##### DATASET SECTION #####

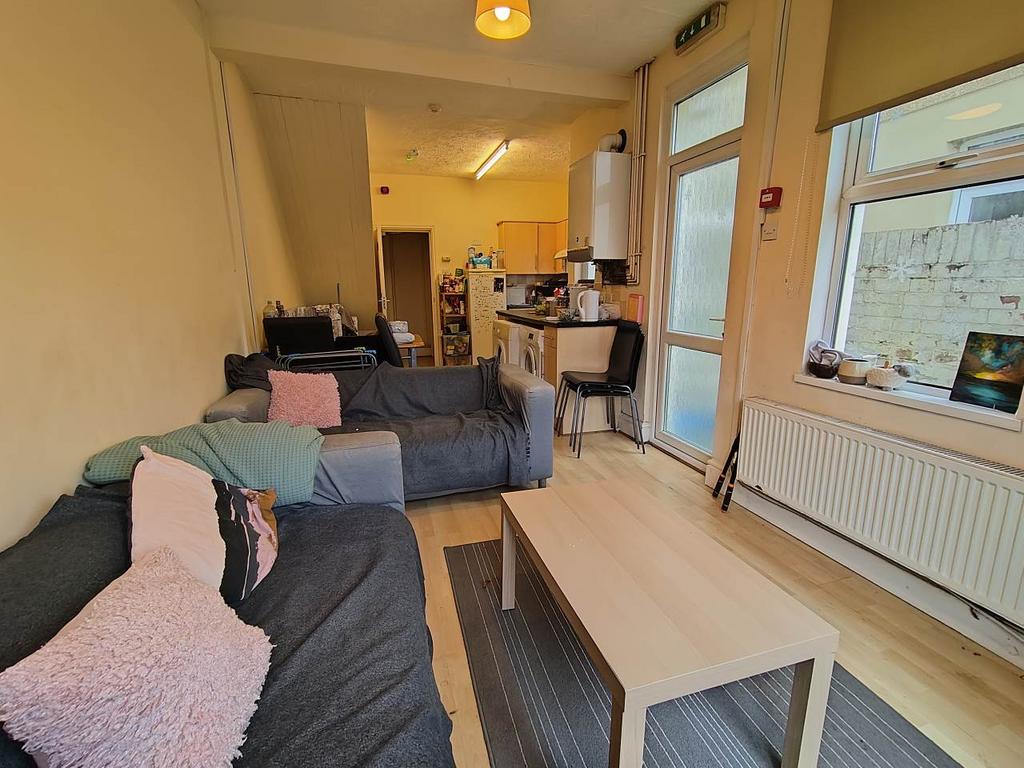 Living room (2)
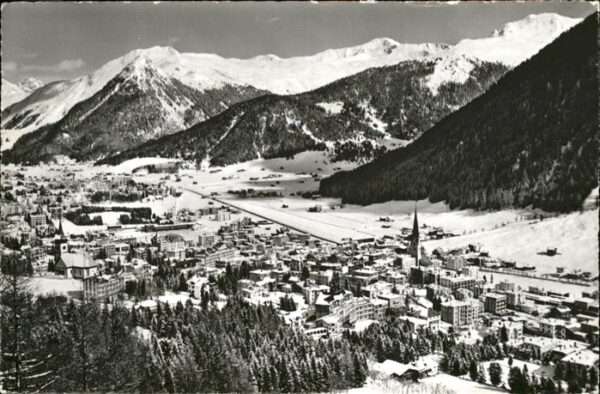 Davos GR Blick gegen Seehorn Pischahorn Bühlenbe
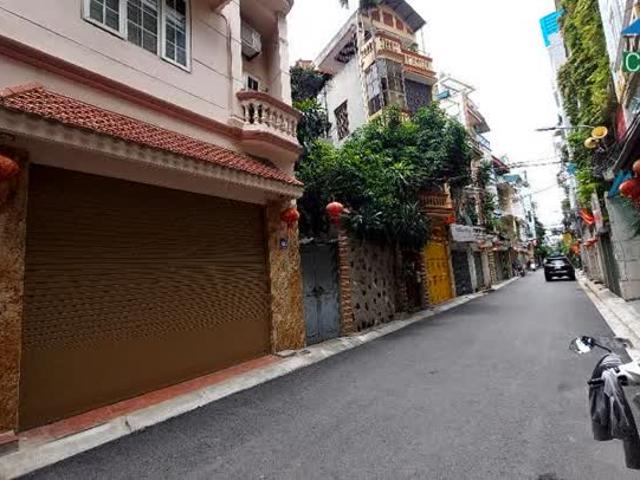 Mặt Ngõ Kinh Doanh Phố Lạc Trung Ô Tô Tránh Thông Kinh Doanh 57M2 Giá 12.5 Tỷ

#####

**TRY IT**
All of the material above must be retyped exactly, line for line, with the images dropped.

**REPLY TO THE EXERCISE**
 Living room (2)
 Davos GR Blick gegen Seehorn Pischahorn Bühlenbe
 Mặt Ngõ Kinh Doanh Phố Lạc Trung Ô Tô Tránh Thông Kinh Doanh 57M2 Giá 12.5 Tỷ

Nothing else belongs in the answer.